• REQUIREMENT: Pick out the lines below that include the string "Blue".

[Items from a dataset]
Start of Block

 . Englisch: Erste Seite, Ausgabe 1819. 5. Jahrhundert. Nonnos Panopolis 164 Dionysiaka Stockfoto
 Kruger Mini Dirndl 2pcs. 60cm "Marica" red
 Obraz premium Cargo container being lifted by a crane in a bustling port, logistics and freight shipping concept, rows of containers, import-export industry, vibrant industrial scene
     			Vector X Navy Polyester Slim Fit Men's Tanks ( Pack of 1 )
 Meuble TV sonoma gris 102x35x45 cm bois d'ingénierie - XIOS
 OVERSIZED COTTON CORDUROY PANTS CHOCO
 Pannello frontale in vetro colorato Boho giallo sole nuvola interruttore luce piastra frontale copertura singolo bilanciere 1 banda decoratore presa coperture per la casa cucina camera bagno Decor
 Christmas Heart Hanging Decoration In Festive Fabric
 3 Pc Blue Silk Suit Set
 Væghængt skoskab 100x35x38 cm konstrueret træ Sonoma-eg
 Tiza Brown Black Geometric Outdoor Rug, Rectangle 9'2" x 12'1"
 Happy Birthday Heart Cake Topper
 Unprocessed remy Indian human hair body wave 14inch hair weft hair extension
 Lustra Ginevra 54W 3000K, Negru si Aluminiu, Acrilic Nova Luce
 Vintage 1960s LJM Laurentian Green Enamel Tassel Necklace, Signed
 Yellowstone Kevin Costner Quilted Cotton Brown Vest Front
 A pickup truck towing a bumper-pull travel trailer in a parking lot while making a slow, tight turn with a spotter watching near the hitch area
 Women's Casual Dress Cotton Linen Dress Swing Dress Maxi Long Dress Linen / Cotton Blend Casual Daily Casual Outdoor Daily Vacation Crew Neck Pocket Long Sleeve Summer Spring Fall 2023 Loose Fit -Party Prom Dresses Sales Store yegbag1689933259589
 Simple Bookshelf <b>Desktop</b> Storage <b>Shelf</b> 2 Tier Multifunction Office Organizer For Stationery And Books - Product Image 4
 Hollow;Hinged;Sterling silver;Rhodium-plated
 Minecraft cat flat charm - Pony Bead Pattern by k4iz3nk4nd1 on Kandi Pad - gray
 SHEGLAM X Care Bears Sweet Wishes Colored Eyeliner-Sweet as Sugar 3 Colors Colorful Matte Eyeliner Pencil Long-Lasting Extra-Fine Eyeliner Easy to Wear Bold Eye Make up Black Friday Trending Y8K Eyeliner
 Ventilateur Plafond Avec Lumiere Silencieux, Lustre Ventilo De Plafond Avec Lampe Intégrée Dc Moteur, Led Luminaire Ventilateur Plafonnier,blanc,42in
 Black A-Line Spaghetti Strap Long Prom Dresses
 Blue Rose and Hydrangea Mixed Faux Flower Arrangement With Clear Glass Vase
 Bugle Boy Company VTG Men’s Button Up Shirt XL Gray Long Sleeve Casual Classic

End of Block

• ANSWER TO THE PROBLEM:
 3 Pc Blue Silk Suit Set
 Blue Rose and Hydrangea Mixed Faux Flower Arrangement With Clear Glass Vase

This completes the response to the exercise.